>>

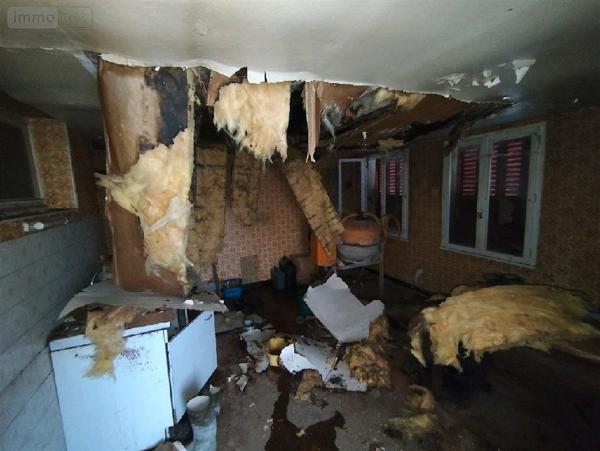 Maison à vendre à Gespunsart dans les Ardennes (08700), ref : 2025 02   
SECTEUR CHARLEVILLE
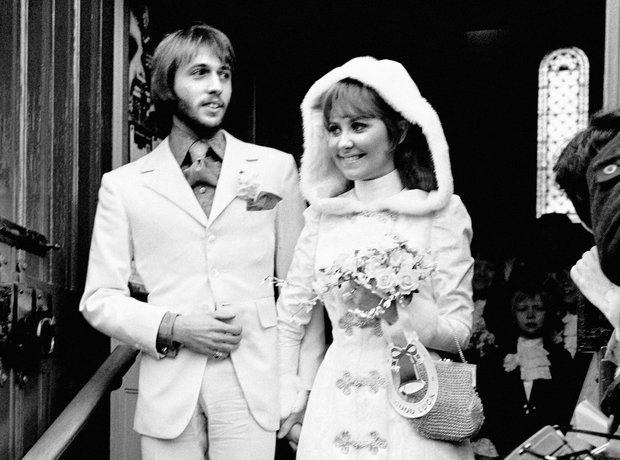 maurice gibb family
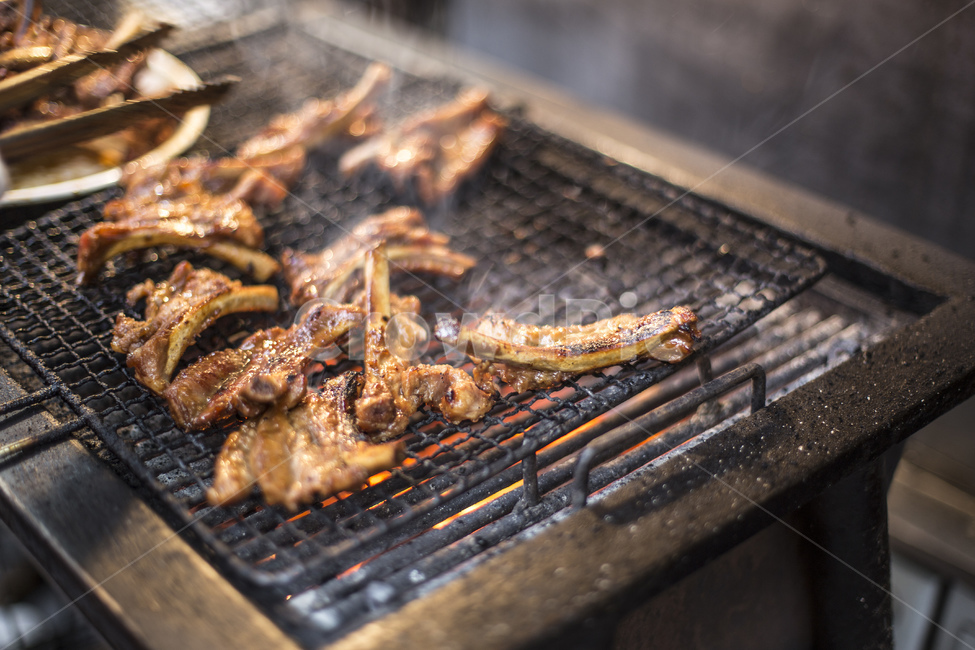 charcoal grill,smoke,pork,Back ribs,direct fire grilling,meat,pork ribs,backbone,ribs,iron plate,grill,direct fire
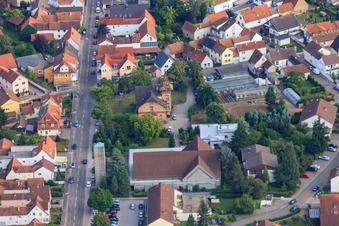 Vue aérienne de Administration municipale locale à Jockgrim dans le département Rhénanie-Palatinat, Allemagne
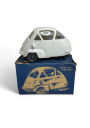 Ancienne petite voiture ISETTA VELAM dans sa boîte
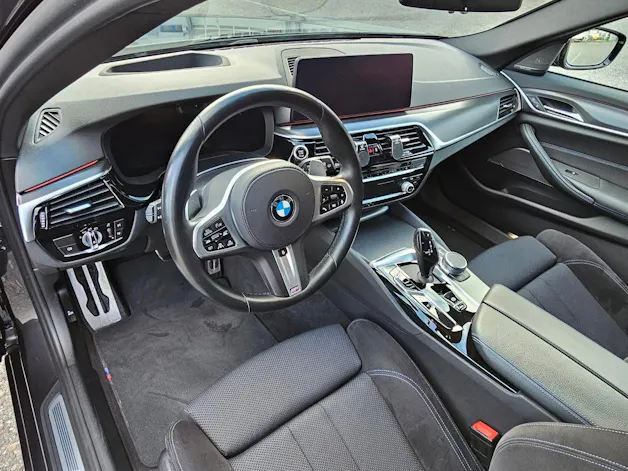 BMW 530d xDrive 48V Touring M Sport Steptronic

<<

▸ Task details: Output exactly the lines from the first line of the records through the line containing "Vue aérienne de". Leave out every picture.

▸ Response to the exercise:
 Maison à vendre à Gespunsart dans les Ardennes (08700), ref : 2025 02   
SECTEUR CHARLEVILLE
 maurice gibb family
 charcoal grill,smoke,pork,Back ribs,direct fire grilling,meat,pork ribs,backbone,ribs,iron plate,grill,direct fire
 Vue aérienne de Administration municipale locale à Jockgrim dans le département Rhénanie-Palatinat, Allemagne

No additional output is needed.